Problem requirements: Below is a block of data; give all of it again word for word.

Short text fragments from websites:
• • • • •

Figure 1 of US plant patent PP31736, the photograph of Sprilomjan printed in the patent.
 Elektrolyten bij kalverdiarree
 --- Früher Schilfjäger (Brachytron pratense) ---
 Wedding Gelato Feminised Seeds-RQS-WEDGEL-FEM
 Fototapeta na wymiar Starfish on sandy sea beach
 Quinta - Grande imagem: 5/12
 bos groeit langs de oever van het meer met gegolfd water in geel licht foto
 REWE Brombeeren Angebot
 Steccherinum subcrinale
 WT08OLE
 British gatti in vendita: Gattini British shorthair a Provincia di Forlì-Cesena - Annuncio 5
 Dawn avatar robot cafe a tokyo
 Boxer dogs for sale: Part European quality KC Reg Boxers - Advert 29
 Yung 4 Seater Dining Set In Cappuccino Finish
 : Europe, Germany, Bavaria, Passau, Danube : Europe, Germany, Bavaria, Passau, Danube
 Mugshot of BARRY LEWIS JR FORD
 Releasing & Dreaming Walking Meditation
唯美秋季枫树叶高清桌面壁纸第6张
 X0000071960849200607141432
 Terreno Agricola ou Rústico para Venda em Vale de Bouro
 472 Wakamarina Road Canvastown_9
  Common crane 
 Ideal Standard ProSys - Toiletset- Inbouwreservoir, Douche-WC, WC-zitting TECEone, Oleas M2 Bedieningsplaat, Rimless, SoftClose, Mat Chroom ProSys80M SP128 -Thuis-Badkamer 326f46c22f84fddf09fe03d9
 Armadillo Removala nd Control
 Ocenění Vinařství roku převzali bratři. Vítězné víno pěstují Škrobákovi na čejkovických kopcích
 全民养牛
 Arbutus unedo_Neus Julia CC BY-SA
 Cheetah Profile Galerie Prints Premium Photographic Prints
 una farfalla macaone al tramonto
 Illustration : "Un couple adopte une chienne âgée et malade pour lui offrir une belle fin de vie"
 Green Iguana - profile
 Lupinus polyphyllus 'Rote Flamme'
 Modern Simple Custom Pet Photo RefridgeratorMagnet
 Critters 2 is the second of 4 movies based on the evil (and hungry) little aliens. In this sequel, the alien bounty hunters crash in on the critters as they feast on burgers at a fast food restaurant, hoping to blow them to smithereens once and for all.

• • • • •

Solved problem:
Figure 1 of US plant patent PP31736, the photograph of Sprilomjan printed in the patent.
 Elektrolyten bij kalverdiarree
 --- Früher Schilfjäger (Brachytron pratense) ---
 Wedding Gelato Feminised Seeds-RQS-WEDGEL-FEM
 Fototapeta na wymiar Starfish on sandy sea beach
 Quinta - Grande imagem: 5/12
 bos groeit langs de oever van het meer met gegolfd water in geel licht foto
 REWE Brombeeren Angebot
 Steccherinum subcrinale
 WT08OLE
 British gatti in vendita: Gattini British shorthair a Provincia di Forlì-Cesena - Annuncio 5
 Dawn avatar robot cafe a tokyo
 Boxer dogs for sale: Part European quality KC Reg Boxers - Advert 29
 Yung 4 Seater Dining Set In Cappuccino Finish
 : Europe, Germany, Bavaria, Passau, Danube : Europe, Germany, Bavaria, Passau, Danube
 Mugshot of BARRY LEWIS JR FORD
 Releasing & Dreaming Walking Meditation
唯美秋季枫树叶高清桌面壁纸第6张
 X0000071960849200607141432
 Terreno Agricola ou Rústico para Venda em Vale de Bouro
 472 Wakamarina Road Canvastown_9
  Common crane 
 Ideal Standard ProSys - Toiletset- Inbouwreservoir, Douche-WC, WC-zitting TECEone, Oleas M2 Bedieningsplaat, Rimless, SoftClose, Mat Chroom ProSys80M SP128 -Thuis-Badkamer 326f46c22f84fddf09fe03d9
 Armadillo Removala nd Control
 Ocenění Vinařství roku převzali bratři. Vítězné víno pěstují Škrobákovi na čejkovických kopcích
 全民养牛
 Arbutus unedo_Neus Julia CC BY-SA
 Cheetah Profile Galerie Prints Premium Photographic Prints
 una farfalla macaone al tramonto
 Illustration : "Un couple adopte une chienne âgée et malade pour lui offrir une belle fin de vie"
 Green Iguana - profile
 Lupinus polyphyllus 'Rote Flamme'
 Modern Simple Custom Pet Photo RefridgeratorMagnet
 Critters 2 is the second of 4 movies based on the evil (and hungry) little aliens. In this sequel, the alien bounty hunters crash in on the critters as they feast on burgers at a fast food restaurant, hoping to blow them to smithereens once and for all.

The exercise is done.